What you may not realize is that cornerstones in our day are different than what they were back in Biblical times. For us they are nothing more than markers; signifying a point in history when a building was built. Sometimes cornerstones have a hollow space inside that serves as a time capsule, where churches can leave pictures and documents to be opened at a later date (ours does not have that, by the way).
But perhaps the biggest difference is that our cornerstone is not a foundational part of the structure, like they were in days of old. Our stone could be removed and the building would continue to stands. But that’s not the case with cornerstones in Biblical days. By design, they were THE foundational piece of the whole structure. Cornerstones were the very first stone placed, and it was put – not surprisingly – at the corner. Therefore it held up not one wall but two – and, in essence, it really held up all four. A cornerstone was larger than all the others – so it was easily recognized. It had to be exactly the right size, exactly the right cut, and placed exactly where it needed to be. Any variation and the building it supported would not stand the test of time.
It shouldn’t come as a surprise, then, that when the Hebrew people wanted a metaphor to describe the God they worshipped, and how that God was the foundation of their faith, and how everything they believed in and their very lives depended on that foundation, it’s not surprising that they would speak of a cornerstone. It’s not used much in scripture – only eleven times, including the two passages so wonderfully read today by our SPARK children. But it gets the point across – the idea that God is foundational, that God is worthy of our complete trust, that God is someone we can lean on and rely on as people of faith. Especially as we make our way in a chaotic, unpredictable world.
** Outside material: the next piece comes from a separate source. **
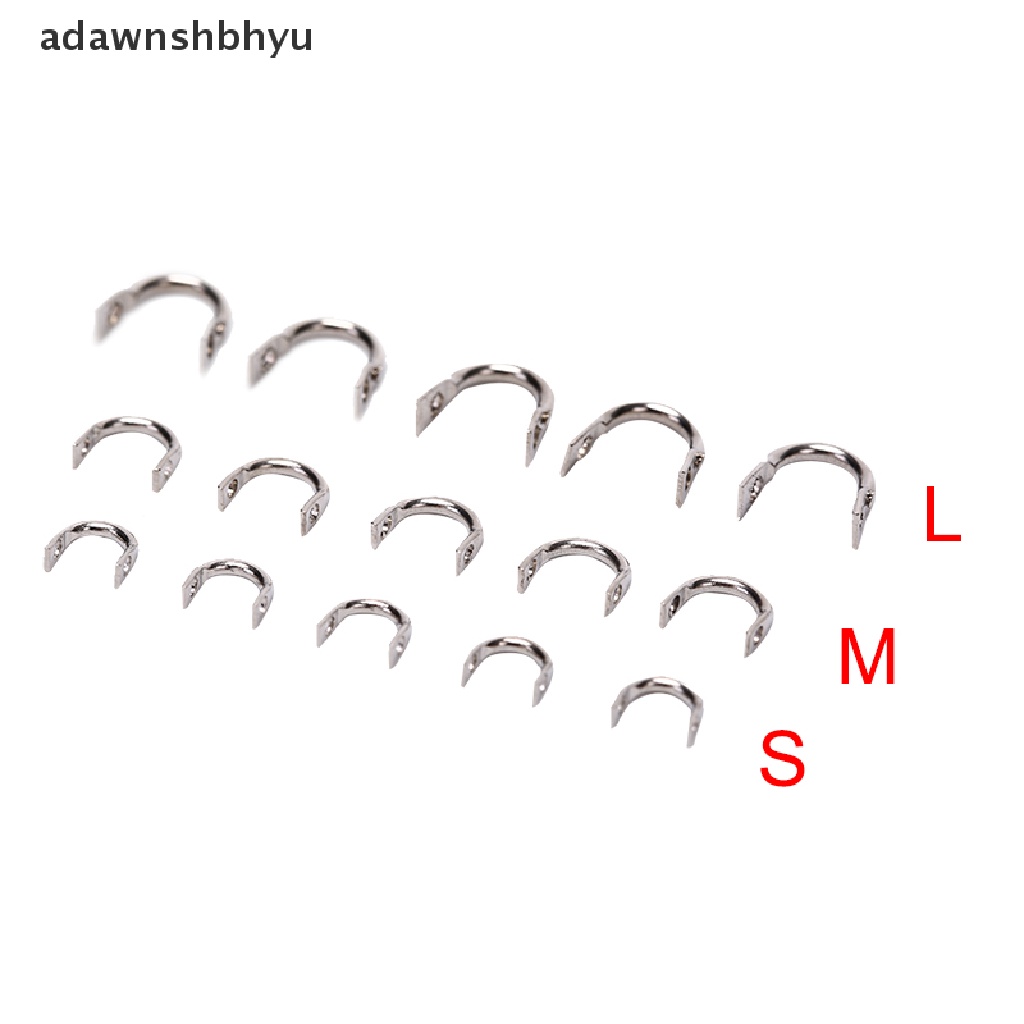 Adawnshbhyu Spinner Clevises Easy Spin Size #3pcs 50pcs /Pack Nikel USA MADE Clevis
Which is why this image resonated so strongly with the audience Peter was writing to. Written sometime in the late first century, 1 Peter was directed at a particular community of faith with the intention of encouraging them through difficult times of suffering. But the thing is, their suffering wasn’t coming from physical persecution or the threat of death, as we hear about happening elsewhere. No, their suffering was due more to social exclusion. See, because of their belief in Jesus, these early Christians were not allowed to participate in the daily commerce of a pagan culture, not able to use coins with idols engraved on them. So they were ridiculed for this and other oddities: allegiance to a single God in a world of many Gods; to the son of a deity who died the death of a criminal. Those early Christians Peter wrote to were looked down on as strange outcasts with strange beliefs in a strange God. And because of that, they didn’t feel like they belonged anywhere.
We know what that’s like from time to time, don’t we? We know what it’s like to feel out of place, to feel as if we are strangers in a strange land? You remember that feeling when you were younger, maneuvering through the difficult waters of adolescence, trying to find yourself through the circle of friends you associated with? You remember what it was like when you were in a particular circle and you just knew it wasn’t yours? That helpless feeling inside, trying to find your way, trying to find yourself?
We all have this inner need to belong somewhere to someone! And that’s why Peter wrote the letter he did – bringing up, among other things, the cornerstone. Something solid and sure, immovable, foundational. Don’t you think that must’ve been a comforting message for those early Christians? They had lost something near and dear to them by going the way of Jesus – they had lost the temple in Jerusalem, the physical home of their faith for generations. It had been part of that faith, enmeshed in their very soul.
But now, Peter tells them, the “temple” they worship in is not some far-off structure. It’s right there in their very midst! Their cornerstone is not some over-sized hunk of rock that rests at a building’s foundation. Their cornerstone is the presence of God in their fellowship! And the walls of the temple are not constructed with your average, run-of-the-mill stones. No, Peter tells them – they are now the stones, embodying the presence of almighty God in their gathering. Living stones!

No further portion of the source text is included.